RECORDS FOR THIS TASK:
▬▬▬▬▬▬
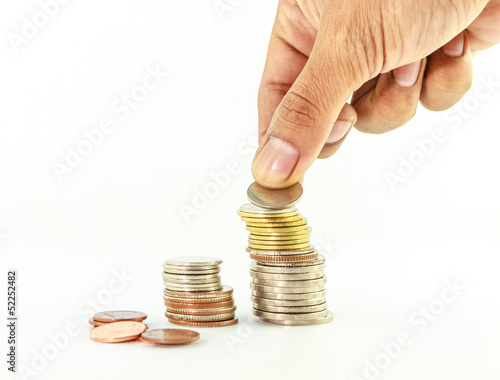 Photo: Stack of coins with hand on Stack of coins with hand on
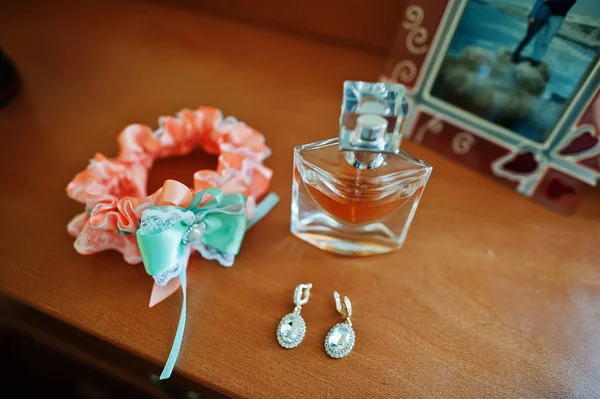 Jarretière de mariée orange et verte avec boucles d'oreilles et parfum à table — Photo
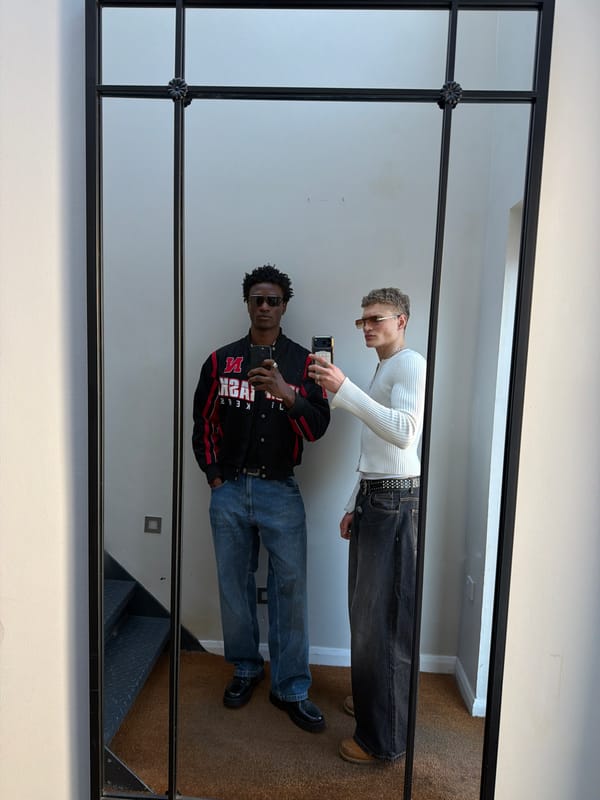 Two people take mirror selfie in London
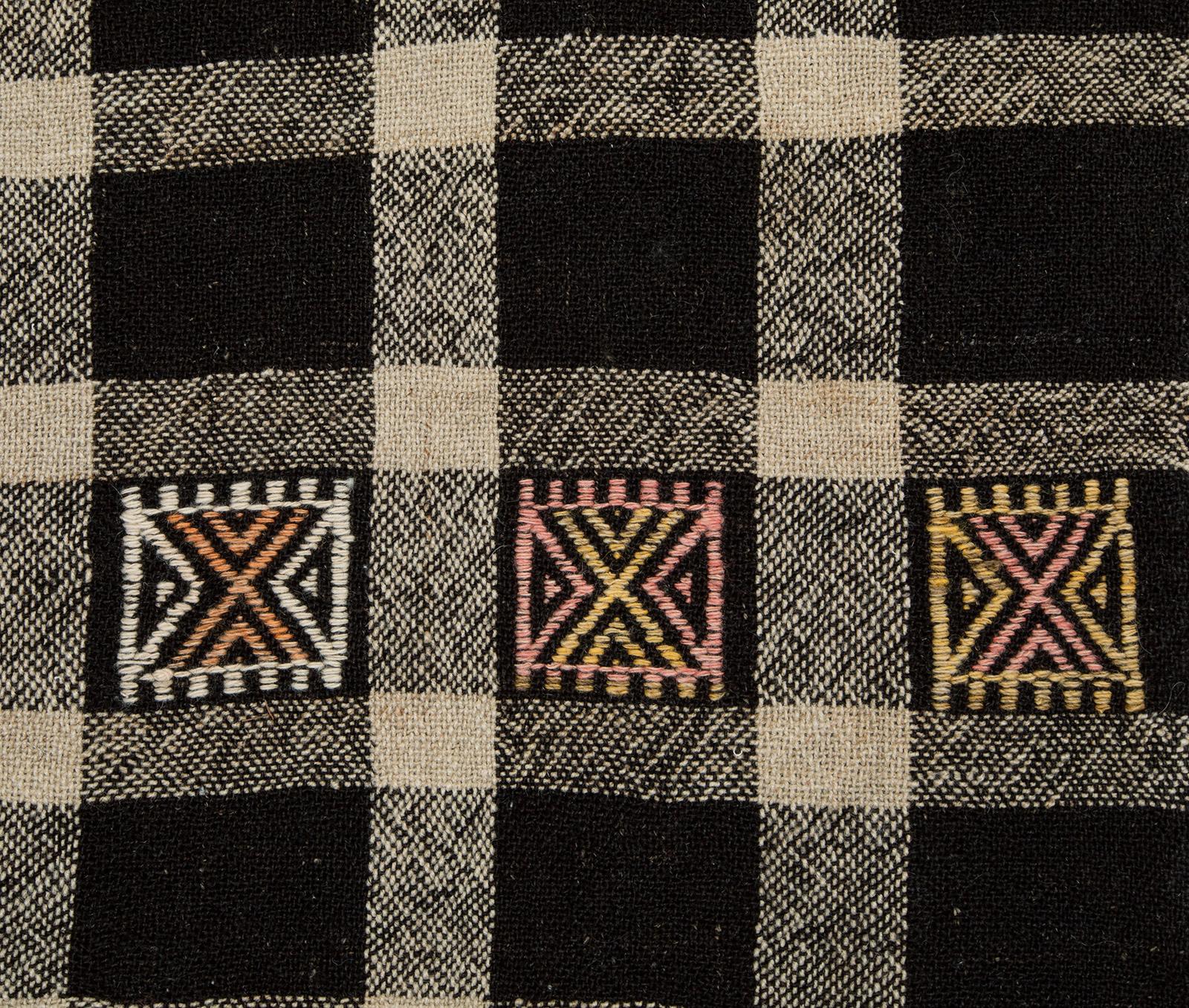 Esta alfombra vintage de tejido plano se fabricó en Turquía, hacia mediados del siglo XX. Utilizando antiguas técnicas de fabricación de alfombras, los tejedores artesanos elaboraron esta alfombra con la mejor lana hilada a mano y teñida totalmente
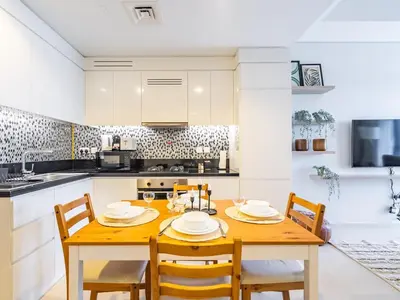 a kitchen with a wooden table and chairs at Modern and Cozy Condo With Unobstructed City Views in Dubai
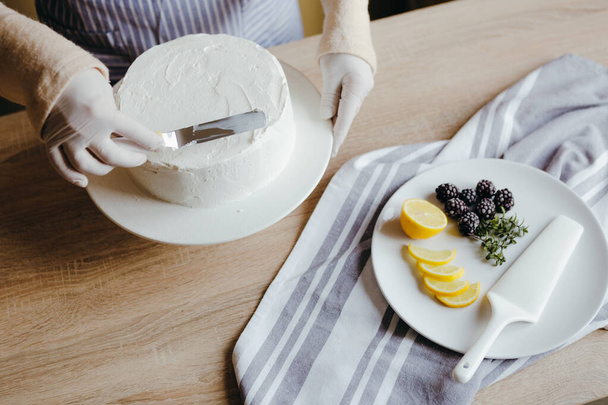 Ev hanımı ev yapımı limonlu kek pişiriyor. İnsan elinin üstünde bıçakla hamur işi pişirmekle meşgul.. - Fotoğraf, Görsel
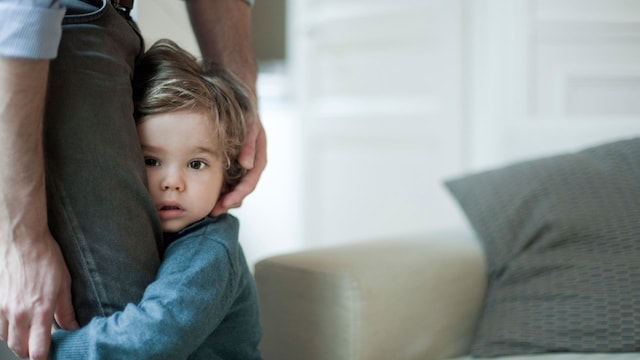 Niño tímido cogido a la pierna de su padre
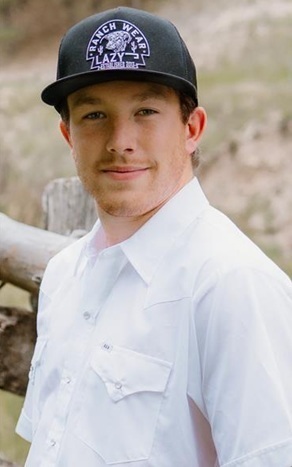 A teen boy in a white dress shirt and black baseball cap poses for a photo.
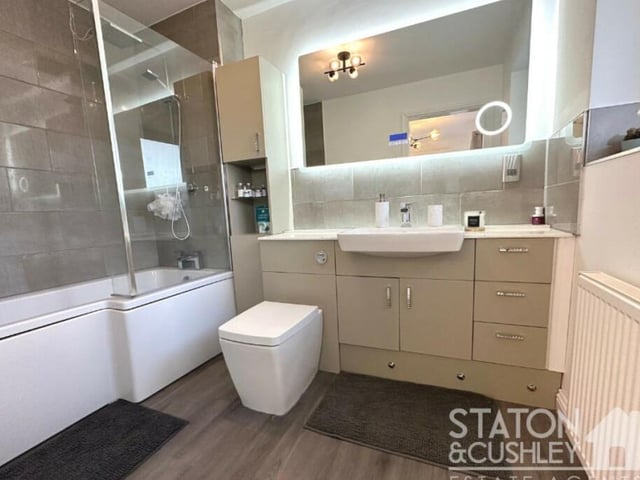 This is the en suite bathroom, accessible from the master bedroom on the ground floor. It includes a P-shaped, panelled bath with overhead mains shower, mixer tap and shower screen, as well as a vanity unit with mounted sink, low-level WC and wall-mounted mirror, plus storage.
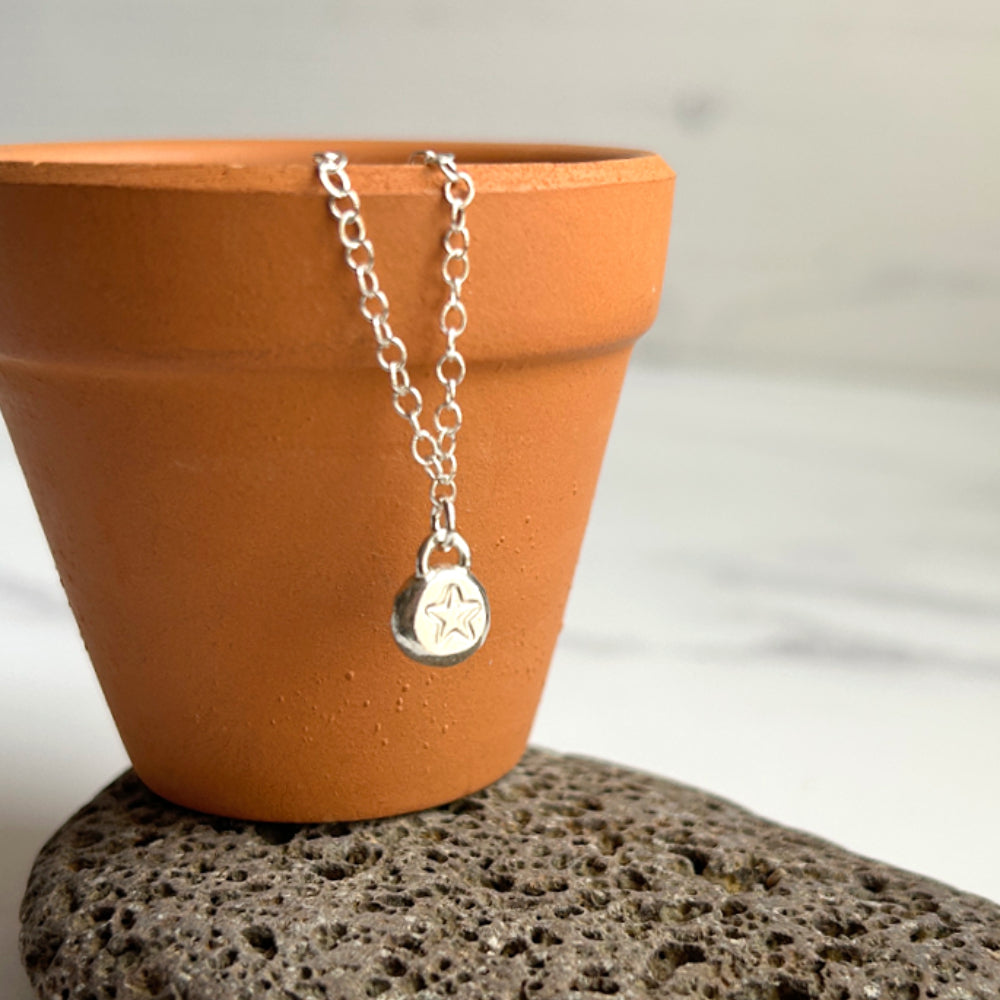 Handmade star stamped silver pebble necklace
▬▬▬▬▬▬
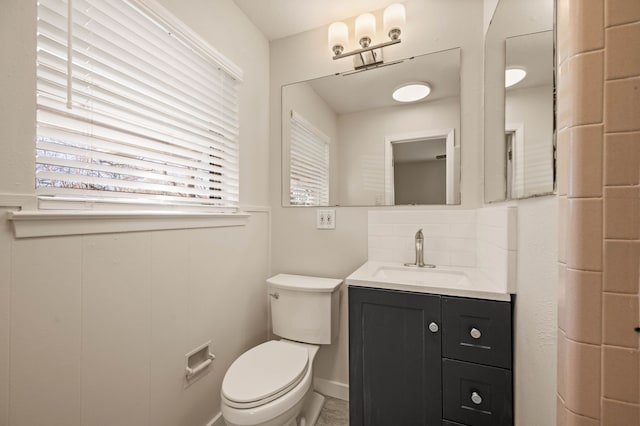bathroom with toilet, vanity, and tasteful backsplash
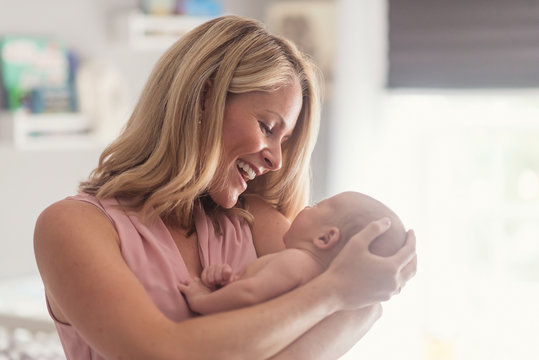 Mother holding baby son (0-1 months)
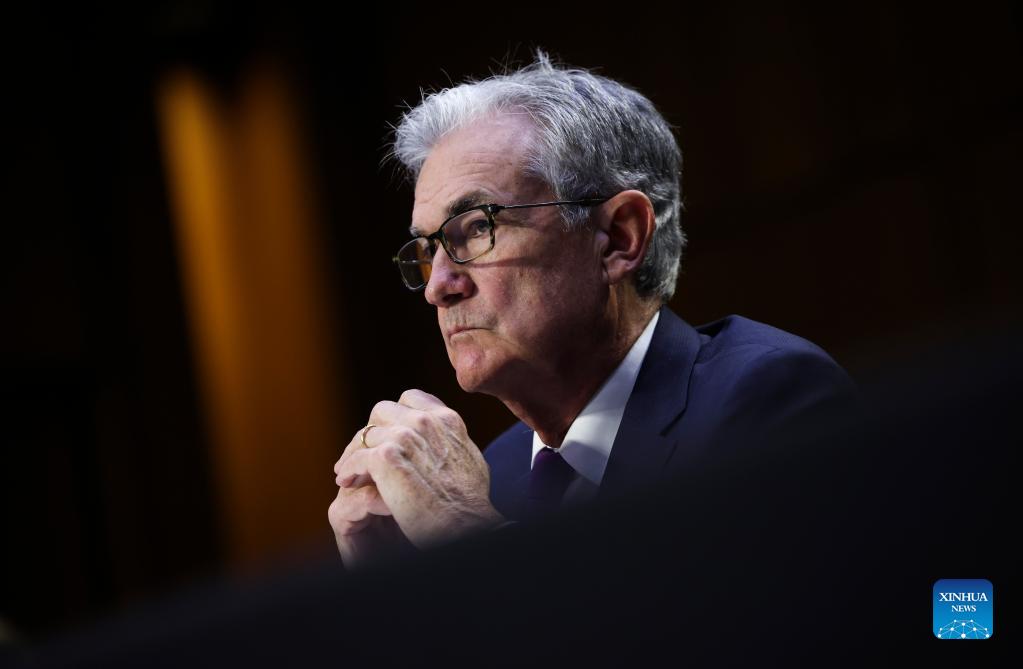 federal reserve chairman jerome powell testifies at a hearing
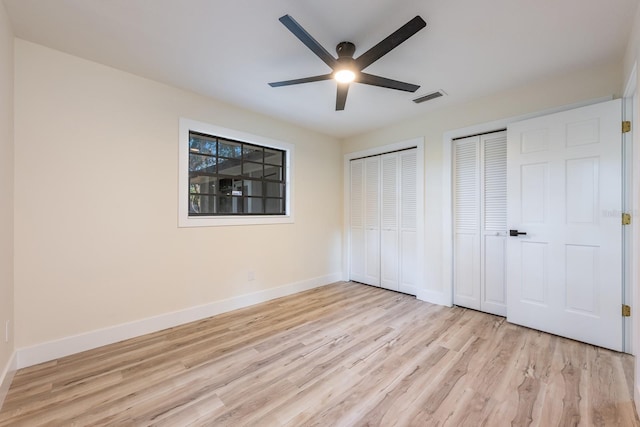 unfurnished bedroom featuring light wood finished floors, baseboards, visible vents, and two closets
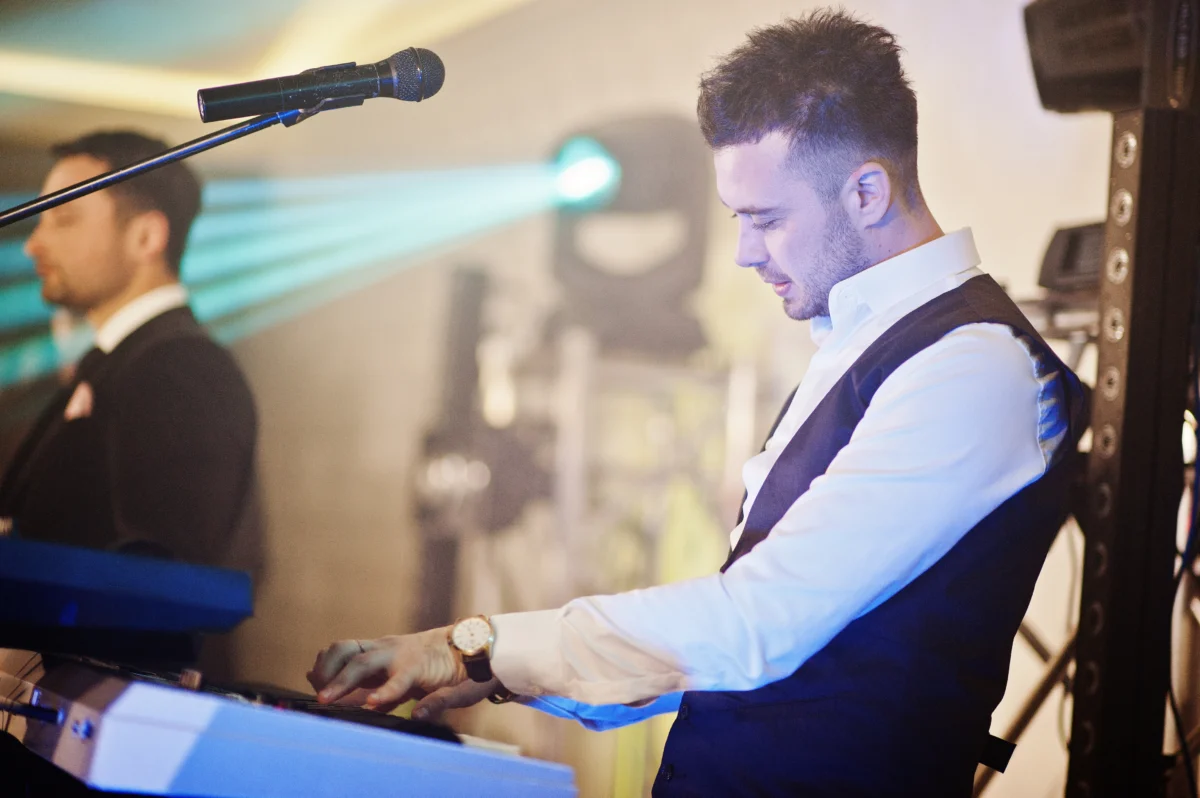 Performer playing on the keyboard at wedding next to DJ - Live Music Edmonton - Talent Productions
▬▬▬▬▬▬
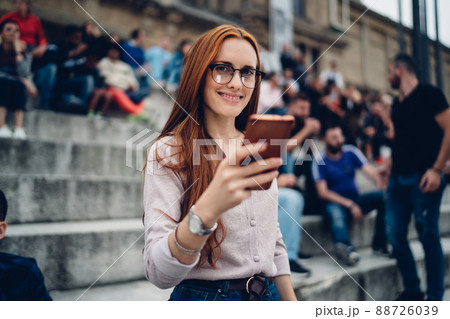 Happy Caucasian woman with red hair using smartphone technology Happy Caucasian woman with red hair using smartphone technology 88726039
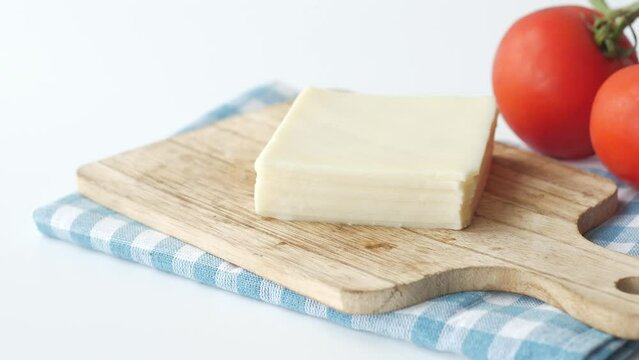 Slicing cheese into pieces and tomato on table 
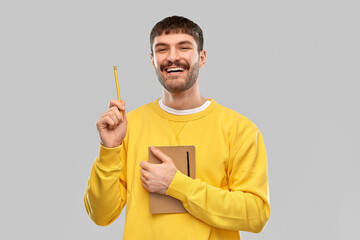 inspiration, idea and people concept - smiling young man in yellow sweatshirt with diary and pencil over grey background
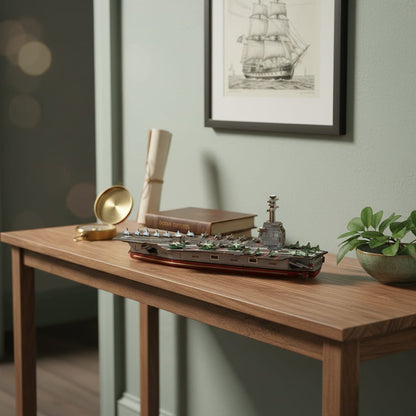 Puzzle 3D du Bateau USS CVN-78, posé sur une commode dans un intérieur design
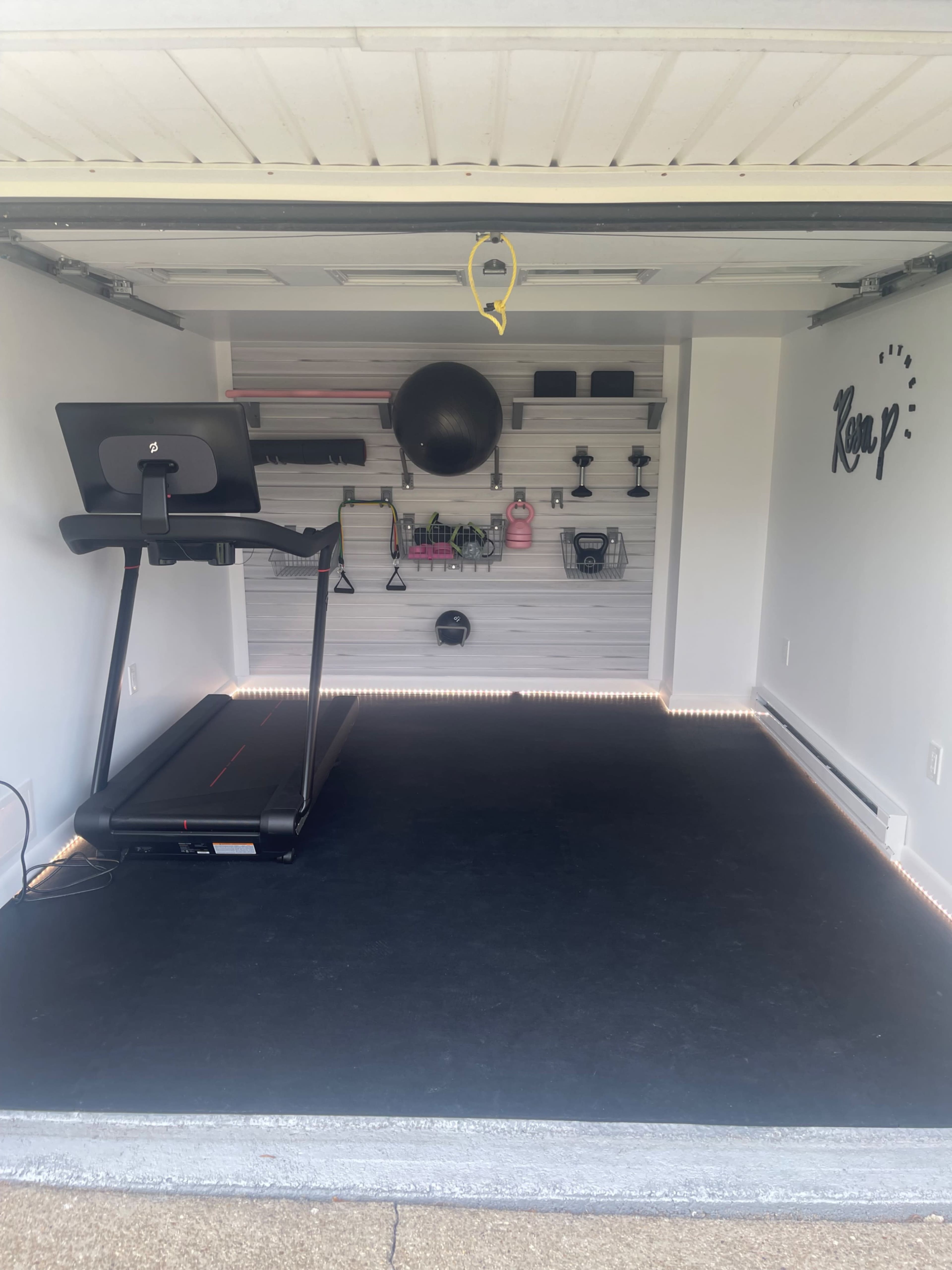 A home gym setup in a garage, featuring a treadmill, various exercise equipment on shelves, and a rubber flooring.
▬▬▬▬▬▬
REQUIREMENT: Give again the stretch of lines above from the one with "inspiration, idea and" through the one with "A home gym setup", both ends kept, and copy no pictures.

ANSWER BOX:
 inspiration, idea and people concept - smiling young man in yellow sweatshirt with diary and pencil over grey background
 Puzzle 3D du Bateau USS CVN-78, posé sur une commode dans un intérieur design
 A home gym setup in a garage, featuring a treadmill, various exercise equipment on shelves, and a rubber flooring.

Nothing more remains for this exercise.